Because Buffett’s music – which to these ears is occasionally great, often
good, other times pretty disposable but at least on-brand – lends itself really
well to merchandising and building a whole little subculture around. It’s sort
of like the Grateful Dead except with more day jobs in the crowd, often fairly
affluent ones that make boats and tropical vacations and pricey concert tickets
affordable. Buffett, figuring out early on where his bread was buttered, quickly
drifted into making nearly every song on every album tropical/beachy/etc. in
sound and/or subject matter to the point where for the rest of our lives any
song that involves a white guy singing about beaches or islands or frozen
drinks is going to invite Jimmy Buffett comparisons. Alan Jackson’s
hard-country bonafides are rarely in question, but he was apparently at least a
bit of a Parrothead on the side because he knew just who to call when he wrote
a party-hearty anthem about justifying having a drink anytime you damn well
felt like it. I got sick of it eventually but it was fun. #1 for eight weeks,
plus you see posters or signs or whatever in bars all the time with the title (although
I think the expression pre-dates the tune).
Dierks
Bentley managed to score a shorter-lived #1 with his debut single “What Was I
Thinkin’.” A scruffily handsome youngster with a pleasantly twangy baritone, he
was hardly the next Johnny Cash but he at least gave the vibe of somebody who
could help steer things back in a more earnestly countrified direction (the
video, that bit off the then-recent film Memento, was fun too). Jackson
& Buffett took back over for an encore week and then reliable-by-now Tim
McGraw swung in with “Real Good Man.” The hook seemed like kind of a groaner to
me back then (“I may be a real bad boy/but baby I’m a real good man”) and
hasn’t enriched much with age, but I assume this one was more for the ladies
anyhow. Gary Allan scored again on his mini-roll with the sincerely touching
“Tough Little Boys,” a rumination on how a lot of that macho b.s. falls by the
wayside when fatherhood brings out the tender heart in you. Well-observed,
well-sung, and as long as you don’t start dropping lines about f’n sippy cups
we’re good.
Keith
Urban continued to establish his spot in the new guard with “Who Wouldn’t Want
to Be Me,” which had the same breezy, kind-of-busy country-pop vibe as his
“Somebody Like You” breakthrough.
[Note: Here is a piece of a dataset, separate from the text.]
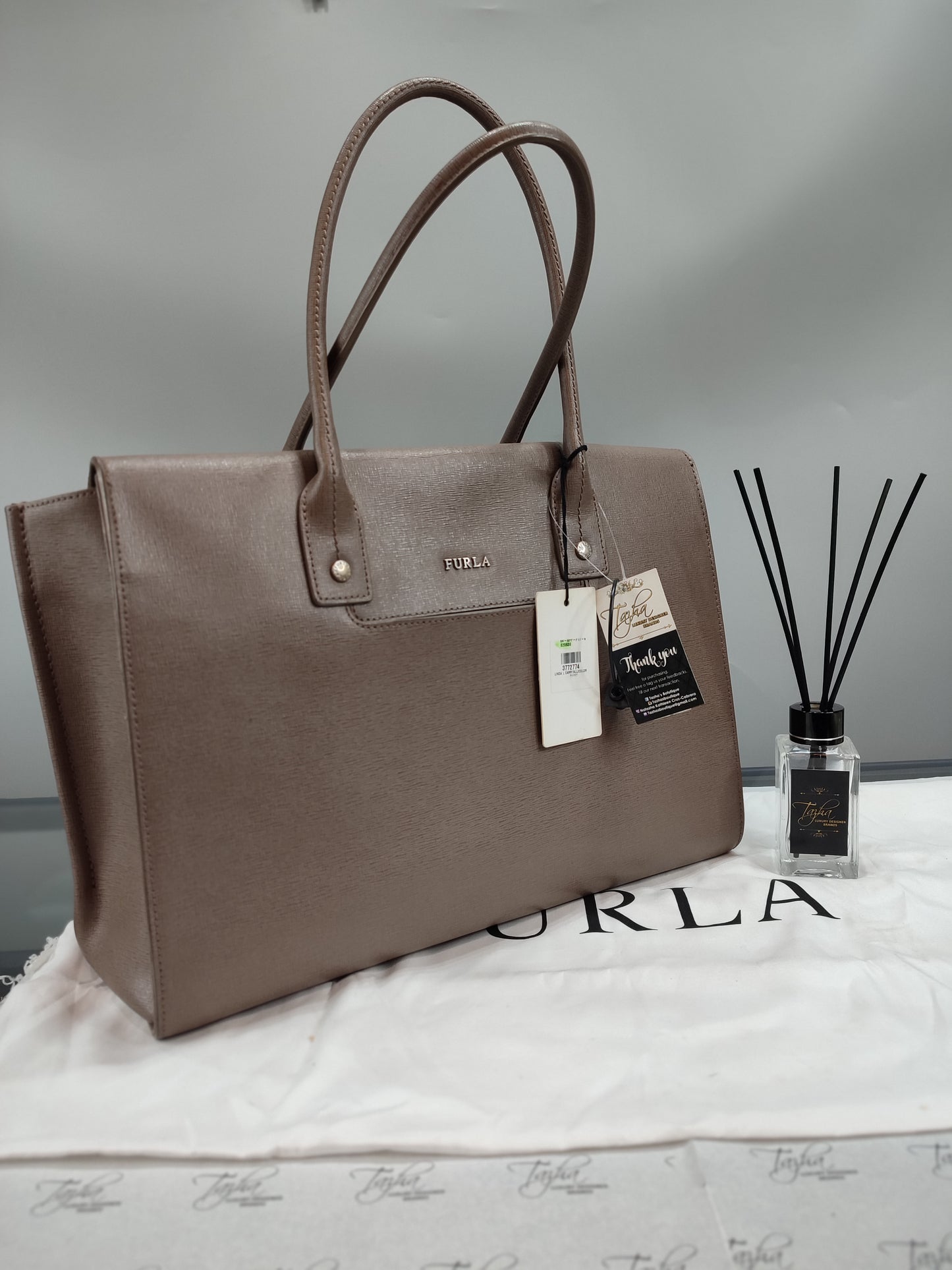 Furla Linda Hand Bag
Seems like a nice dude and can shred
admirably on the guitar, but it’s hard for his songs to not kind of run
together for me; I like him better on ballads with a little more breathing
room. Toby Keith continued his new America’s-buddy persona with “I Love This
Bar,” an ambling little slice-of-life describing the spectrum of personalities
welcome in his favorite watering hole. For someone that amped up the
belligerence in service of his art and career now and then, it really was kind
of a nice message and probably an industry-approved allegory on what they
wanted to see: folks of all walks of life feeling welcome to buy country
records and listen to country stations. So not a totally altruistic message,
but a friendly one nonetheless. Keith would eventually franchise the song title
into an actual bar, albeit not to Margaritaville-level success.
Kenny
Chesney closed out the year with “There Goes My Life,” another entry in the
dad-country genre, this time an achingly earnest number about a young man
worried fatherhood will wreck his vibe until he quickly grows into being a doting
dad wondering how it all slipped away so fast. Pleasant enough, relatable to
much of the audience, but the then-youthful (and still kind of perpetually
youthful, somehow) Chesney just sounded out of his depth on this one. It was a
dad-country sort of year; it looks like they sort of forgot to invite any women
to the party, and the only ones that showed up got bounced out pretty damn
completely.
THE
TREND?
Dudes.
Wholesome dudes that like to drink but manage to do it free of mayhem and
regret in friendly locations. Dudes who only really get mad when it’s
patriotic-mad or delve into their emotions when they’re talking about their kids.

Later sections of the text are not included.